Idoz & Phops’ new game Archvale takes the classic indie game approach of combining two popular game genres and layering it with a clean pixel art skin. This time though, the game combines old-school RPGs like The Legend of Zelda with 2D bullet hell shooters. The combination gives the game a pretty unique spin and some gameplay and structure that you likely haven’t seen before. Despite this though, the game often struggles to find a wide variety of uses for its approach, leaving the game feeling a little barebones at times.
Archvale begins quite quickly, with a short tutorial introducing you to the main mechanics (shooting, moving, a dash, etc.), then tosses you right out into the first area in the game: a quaint forest populated mostly by slimes, bees, and other traditional small-fry enemies. The area is broken up into small rooms, each one with a set amount of enemies. Once the enemies in the room have been defeated, the exits all open up and you can continue on. Not all the rooms have enemies, though. Some might have fountains, which work as save points that save your game and refresh your health and potions, and others might have chests, items, or a little maneuvering mini-game that allows you to get badges, which give you stat buffs or abilities to make the game easier.
To touch upon the gameplay, as you might expect from a bullet hell, the game can be very difficult at times. I played on the easiest difficulty, but I still frequently encountered rooms and areas that I was simply not prepared for. At least on the easiest difficulty, it never felt too unfair or unexpected though, and the game still felt pretty approachable, even to someone not as familiar with bullet hell games. The game does encourage you to find and craft a wide range of weapons, that all have different stats, ranges, and patterns, but the system is not nearly as complex as it might initially seem and really boils down to a numbers game of finding the weapon with the most DPS (or fastest fire speed if you’re me) and sticking with that until you find another weapon of the same type that deals more damage.
After exploring a bit you’ll come across a couple of towns that have shopkeepers, blacksmiths, and banks that allow you to store your money (you lose the money in your wallet when you die). Despite the combat pulling from bullet hell games, these open-world elements are all very reminiscent of traditional SNES-style RPGs. The game wants you to explore the world, collect materials, craft gear, talk to the townspeople, and carve your story in the way that early RPGs did.

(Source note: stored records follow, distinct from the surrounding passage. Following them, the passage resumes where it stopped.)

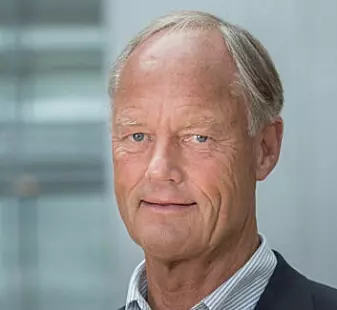 Firmaet som driver svindel kan være registrert som et datafirma, og så driver de med svindel som en bigeskjeft, forteller BI-professor Petter Gottschalk.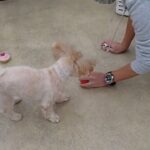 犬の幼稚園 くぅちゃんとトレーニング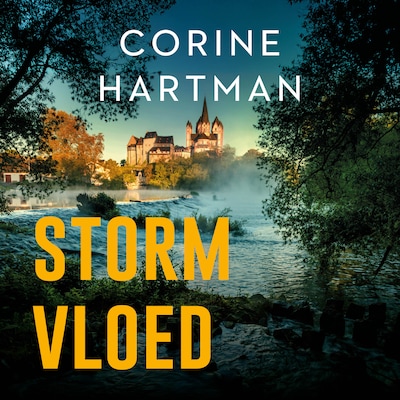 Stormvloed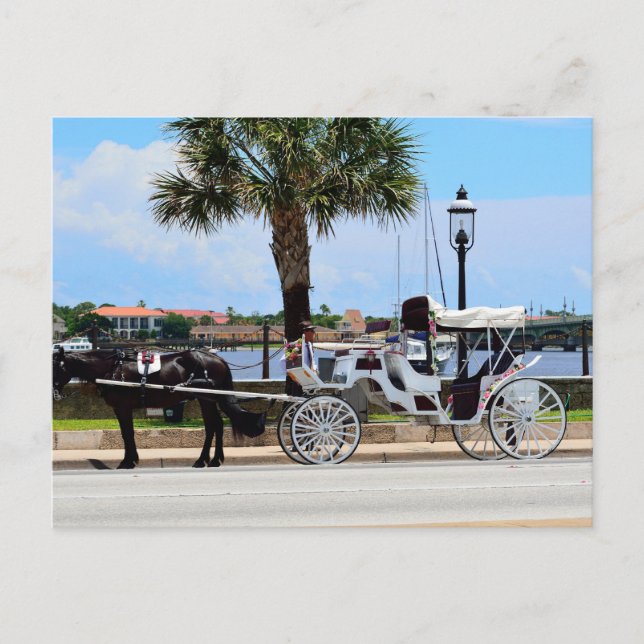 Postal Caballo y carruaje St. Augustine, Fl. (Anverso)
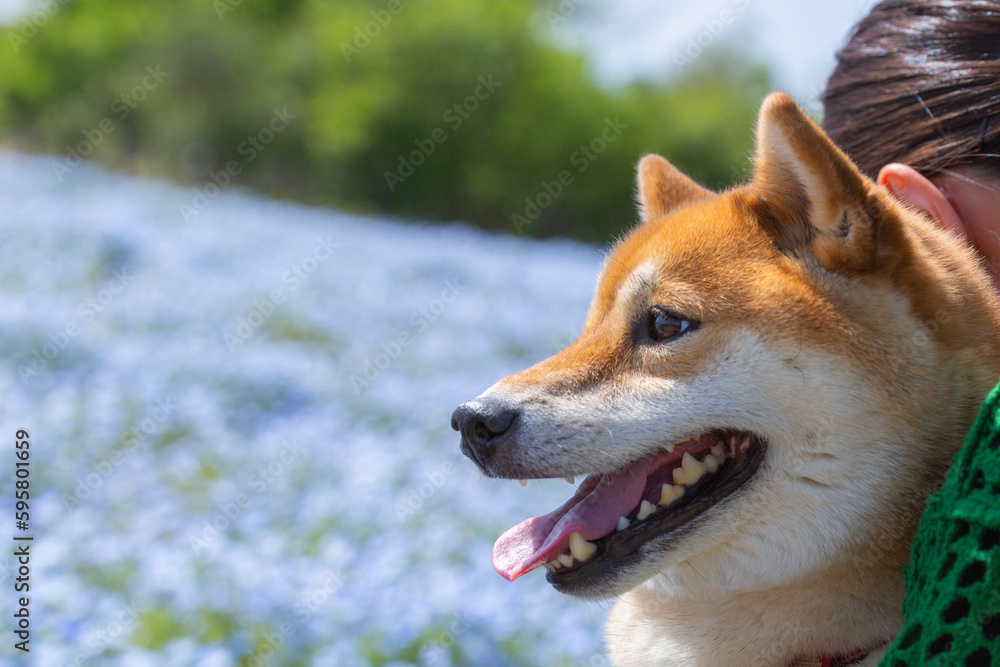 花畑の前の笑顔の柴犬
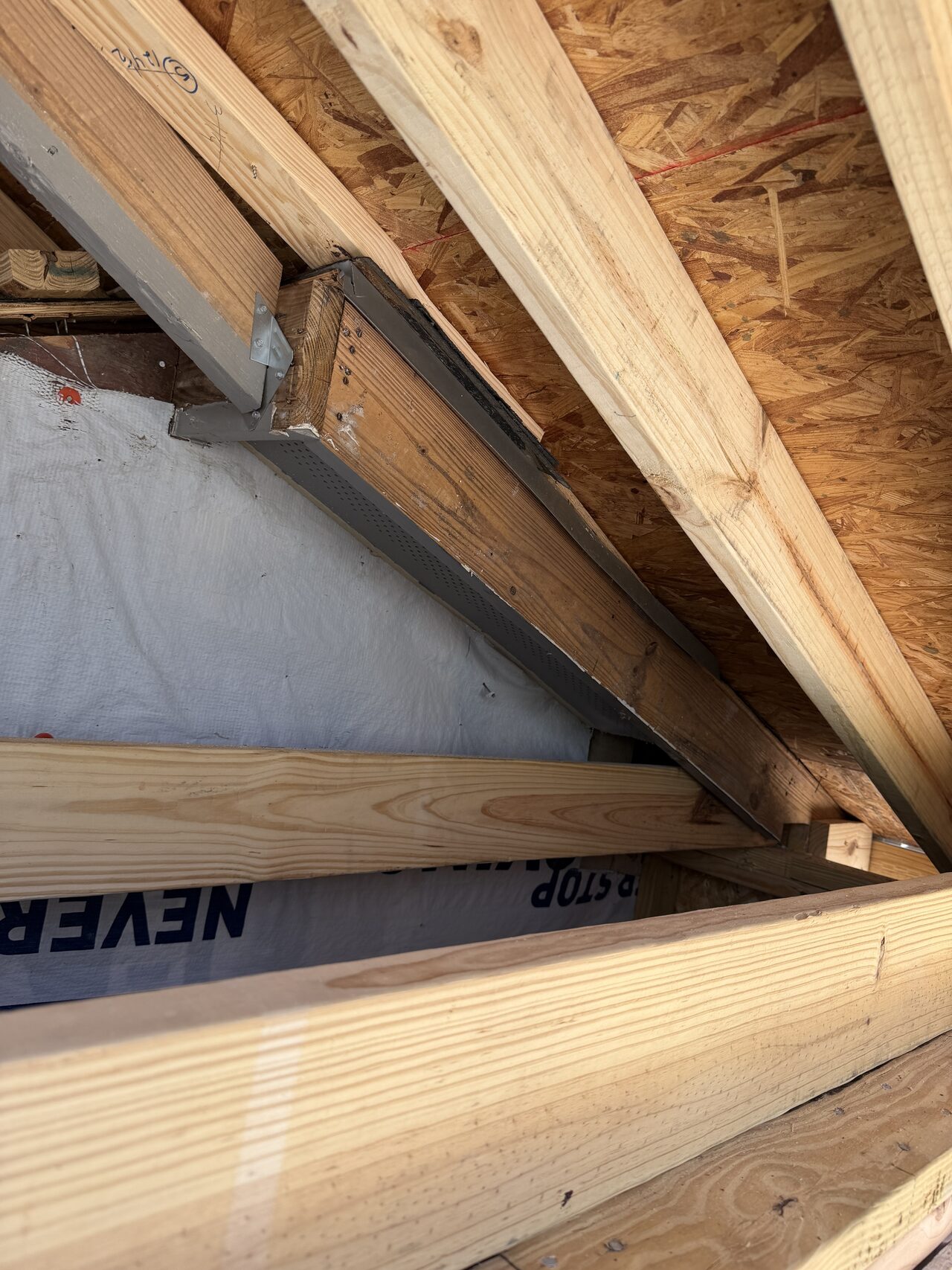 Underside roof framing and weather barrier reviewed where the wall meets the eave for a Joel Hodge project.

At the end of the area, you’ll come across your first dungeon. The dungeon is structured exactly like the open world, with individual rooms that you can leave once you have taken out all the enemies. Now though, some rooms will have small movement-based puzzles to solve with your dash ability, and you will need to find keys that open doors to move around the dungeon. Upon beating the first dungeon, the game world will open up and you can explore it as you please, much like an older Zelda game, though the different areas have pretty distinct difficulties so the game might be a little more linear than it lets on.
On paper, Archvale seems pretty interesting. Who doesn’t love a good Zelda game, and adding bullet hell mechanics should add a nice twist on the standard affair, but Archvale just can’t deliver on its promise. Specifically, the game really struggles to get creative. I don’t even see much reason to talk about the art style because it really doesn’t do anything I haven’t seen dozens of times before, and the gameplay just never really goes anywhere. Every room in the game is exactly the same. Sure, the enemies have different sprites and might have slightly different attack and bullet patterns, but at the end of the day, they all feel so similar. Not to mention all of the rooms are the same rectangular room with the same enemies, and none of them have anything of interest.
The game just feels far too modular. Archvale clearly began with an interesting concept, but the game never makes an effort to explore creative uses of it. As I mentioned, even the dungeons have the exact same structure and many similar enemies to the open world. You move through the game world at a breakneck pace, but never seem to get anywhere. Every fight just ends by leading you directly into another, far too similar fight, and every room leads you into another room barely distinguishable from the last. The story is borderline non-existent, and the game just distinctly lacks character.
If you love bullet hells or want to try out a new kind of game, Archvale isn’t a bad game to dip your toes into, but the game simply has no depth to allow you to dive. Someone who really loves the gameplay might be able to stick with the game, but if you’re looking for anything more, Archvale simply doesn’t have anything to offer. If you can get this game on sale then it might be worth a few hours of fun, but otherwise, this is definitely a game that you can sit out on.